──────── Information provided

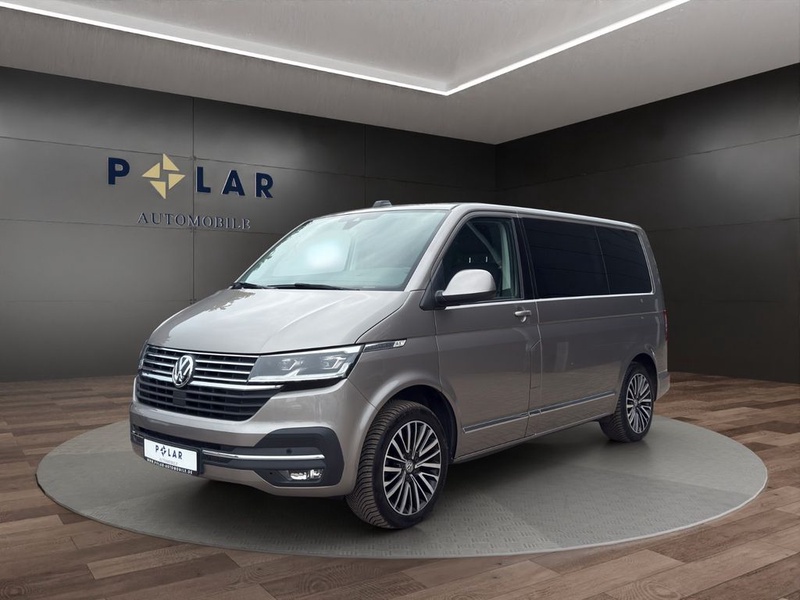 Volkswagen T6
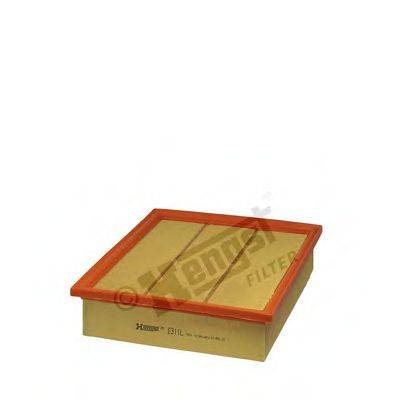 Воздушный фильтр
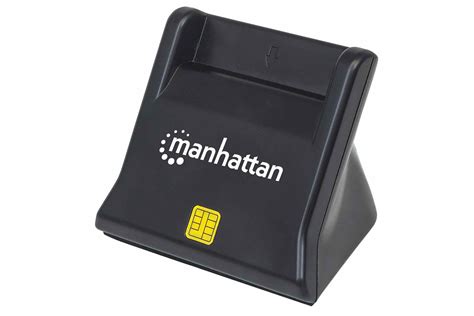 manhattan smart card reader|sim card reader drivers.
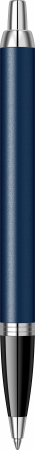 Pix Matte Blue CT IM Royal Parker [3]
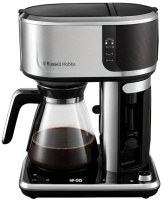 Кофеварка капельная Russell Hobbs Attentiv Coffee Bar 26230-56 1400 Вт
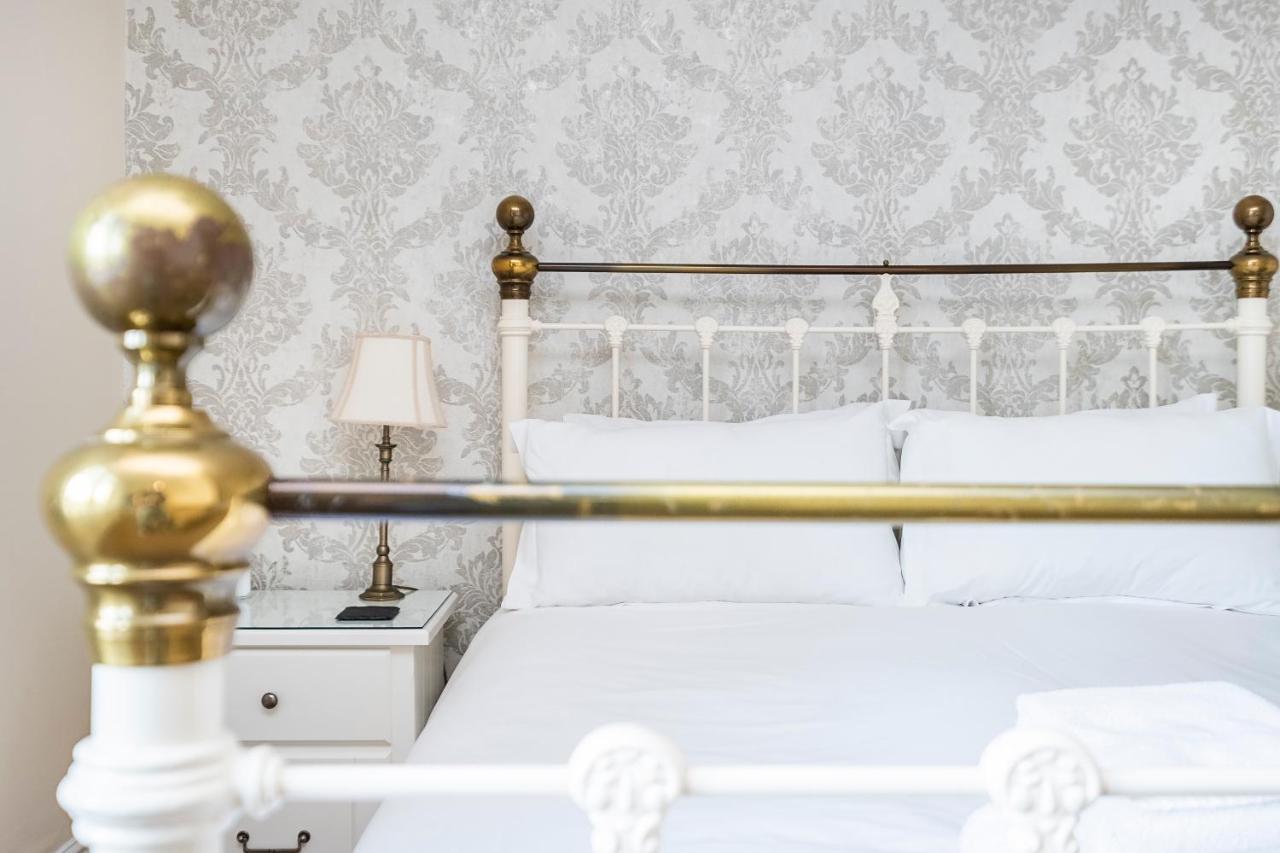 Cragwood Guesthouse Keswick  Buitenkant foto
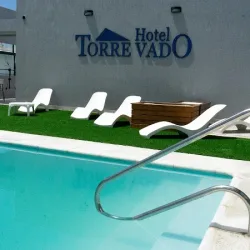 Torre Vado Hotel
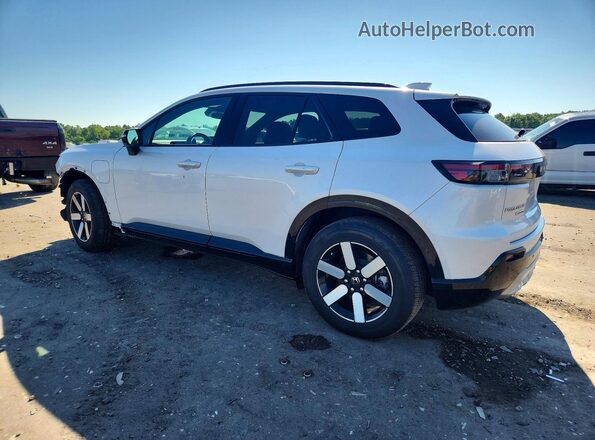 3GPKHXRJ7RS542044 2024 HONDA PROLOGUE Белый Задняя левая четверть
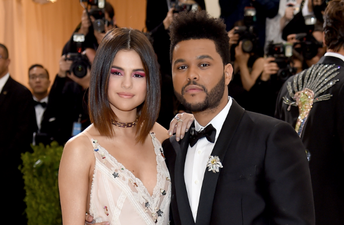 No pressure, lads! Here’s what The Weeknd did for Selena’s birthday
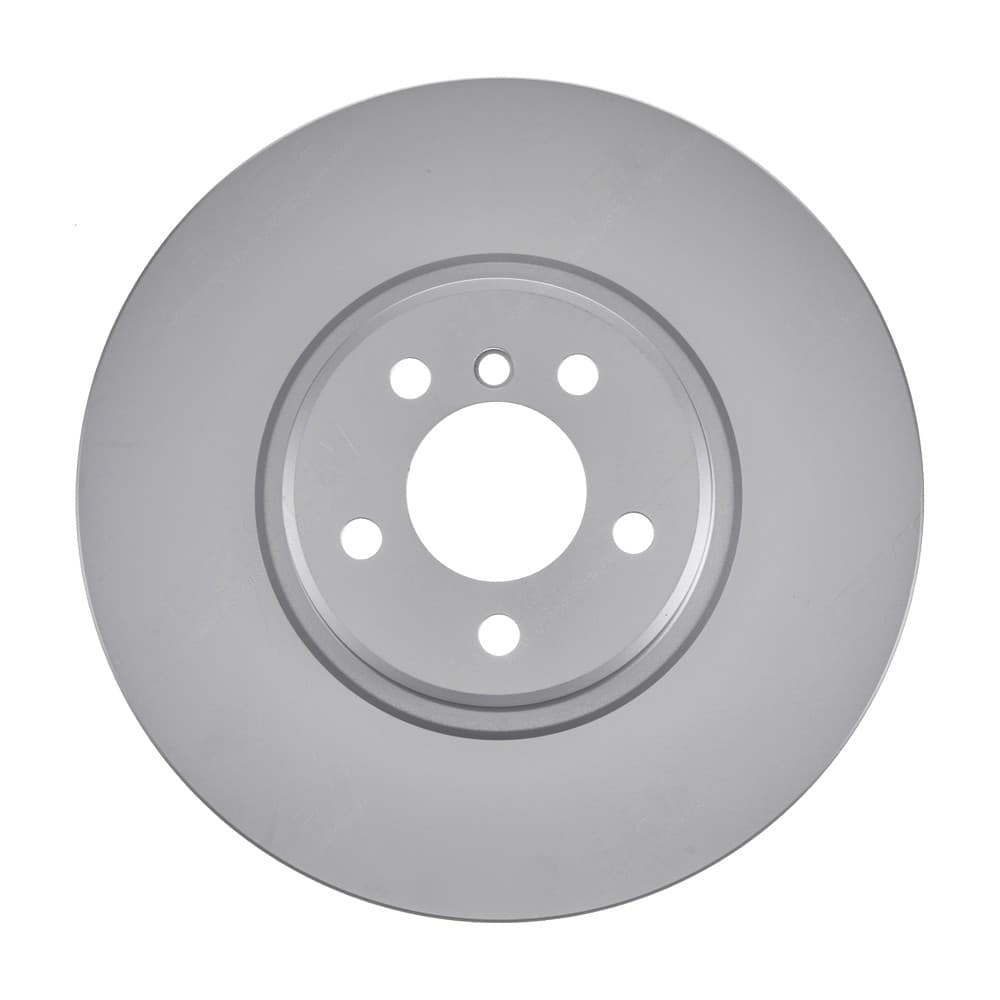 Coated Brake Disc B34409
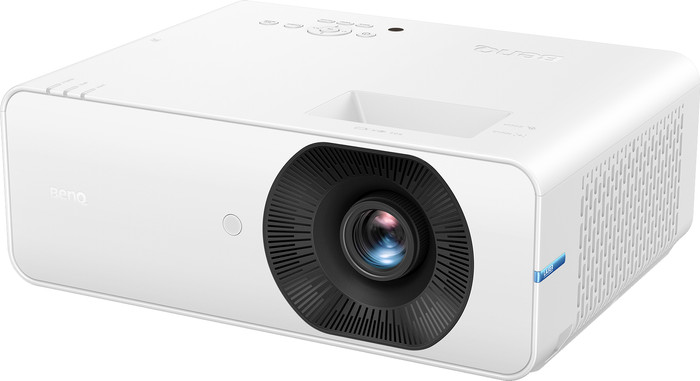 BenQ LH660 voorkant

────────────────

What you need to do
The line containing "Torre Vado Hotel" marks where the copy ends; print every line before it from the start of the records, and that line too, but no pictures.

Your response
 Volkswagen T6
 Воздушный фильтр
 manhattan smart card reader|sim card reader drivers.
 Pix Matte Blue CT IM Royal Parker [3]
 Кофеварка капельная Russell Hobbs Attentiv Coffee Bar 26230-56 1400 Вт
 Cragwood Guesthouse Keswick  Buitenkant foto
 Torre Vado Hotel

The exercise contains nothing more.